The watching public attribute behaves differently from the other two. One cluster has a different understanding compared to the other two, which have almost 100% of the presentation time. The same pattern, not for the same clusters, is found in the point attribute. Two clusters (A and C) have low values, and one (group B) has higher values. Most of the other attributes do not clearly separate the clusters. The OpenHands variable, for example, is practically the same in all three clusters. Some attributes have little variation, such as Straight, this attribute being important as it indicates that the student is not with his head down, which is considered a bad behavior in oral presentations [45]. Another attribute that separates the three clusters is HandsDown. Three clear patterns can be seen in Figure 7a.
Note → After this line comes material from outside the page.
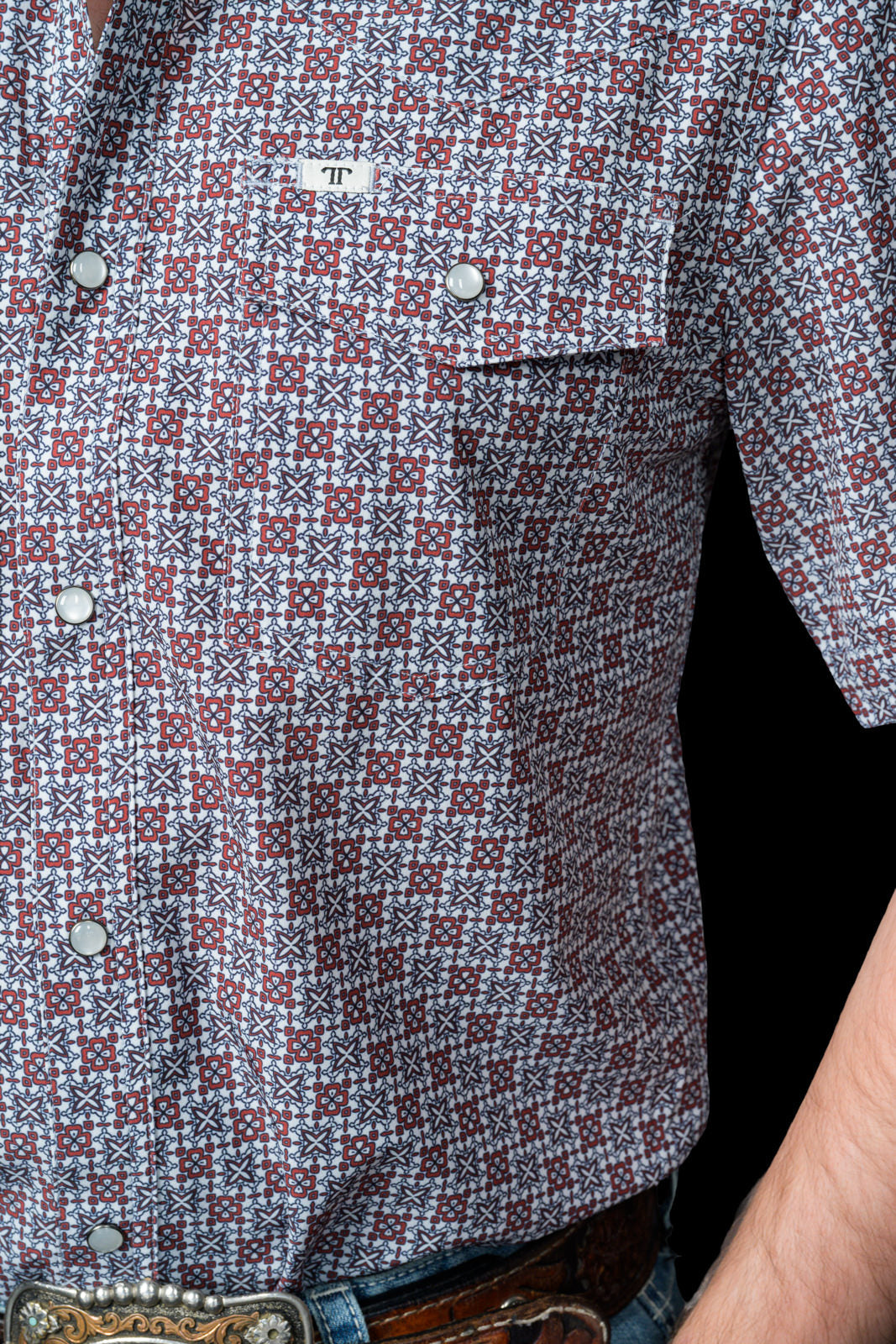 The Colton Short Sleeve Snap Shirt by Ferrell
In the second presentation, the general behavior remained similar to the previous one. For example, we have that the Watching public attribute has matched practically the same behavior. In this presentation, it is also possible to identify a group, group C, with the Talked attribute with the highest value (32% of presentation total time). However, it may also be noted that the Talked attribute has closer values between two clusters than it did in the first presentation. You can also notice a separation in the CrossArms attribute, with three very clear groups. In this presentation, the attribute HandsDown also appreciated a variation between three behaviors.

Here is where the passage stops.